**WHAT THE TASK REQUIRES**
Please return the lines of the data below, word for word, from the first line through the line containing "More Photos Of".

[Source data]
--*--

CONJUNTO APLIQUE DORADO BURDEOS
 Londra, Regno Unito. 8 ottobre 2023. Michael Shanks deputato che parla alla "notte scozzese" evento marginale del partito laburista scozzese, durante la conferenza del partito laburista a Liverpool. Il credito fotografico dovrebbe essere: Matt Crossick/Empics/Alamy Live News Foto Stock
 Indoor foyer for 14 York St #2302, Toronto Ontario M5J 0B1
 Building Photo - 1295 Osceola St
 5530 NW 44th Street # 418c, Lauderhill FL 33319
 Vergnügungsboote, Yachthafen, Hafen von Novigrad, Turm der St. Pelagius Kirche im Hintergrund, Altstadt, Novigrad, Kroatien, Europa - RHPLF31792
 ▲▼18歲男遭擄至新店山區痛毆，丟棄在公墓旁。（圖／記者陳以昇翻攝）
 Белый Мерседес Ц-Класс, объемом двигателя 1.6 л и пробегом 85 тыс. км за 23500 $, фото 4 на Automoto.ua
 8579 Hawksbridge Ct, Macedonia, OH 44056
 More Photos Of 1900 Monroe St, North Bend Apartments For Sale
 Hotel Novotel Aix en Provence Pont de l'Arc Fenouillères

--*--

**RESPONSE TO THIS EXERCISE**
CONJUNTO APLIQUE DORADO BURDEOS
 Londra, Regno Unito. 8 ottobre 2023. Michael Shanks deputato che parla alla "notte scozzese" evento marginale del partito laburista scozzese, durante la conferenza del partito laburista a Liverpool. Il credito fotografico dovrebbe essere: Matt Crossick/Empics/Alamy Live News Foto Stock
 Indoor foyer for 14 York St #2302, Toronto Ontario M5J 0B1
 Building Photo - 1295 Osceola St
 5530 NW 44th Street # 418c, Lauderhill FL 33319
 Vergnügungsboote, Yachthafen, Hafen von Novigrad, Turm der St. Pelagius Kirche im Hintergrund, Altstadt, Novigrad, Kroatien, Europa - RHPLF31792
 ▲▼18歲男遭擄至新店山區痛毆，丟棄在公墓旁。（圖／記者陳以昇翻攝）
 Белый Мерседес Ц-Класс, объемом двигателя 1.6 л и пробегом 85 тыс. км за 23500 $, фото 4 на Automoto.ua
 8579 Hawksbridge Ct, Macedonia, OH 44056
 More Photos Of 1900 Monroe St, North Bend Apartments For Sale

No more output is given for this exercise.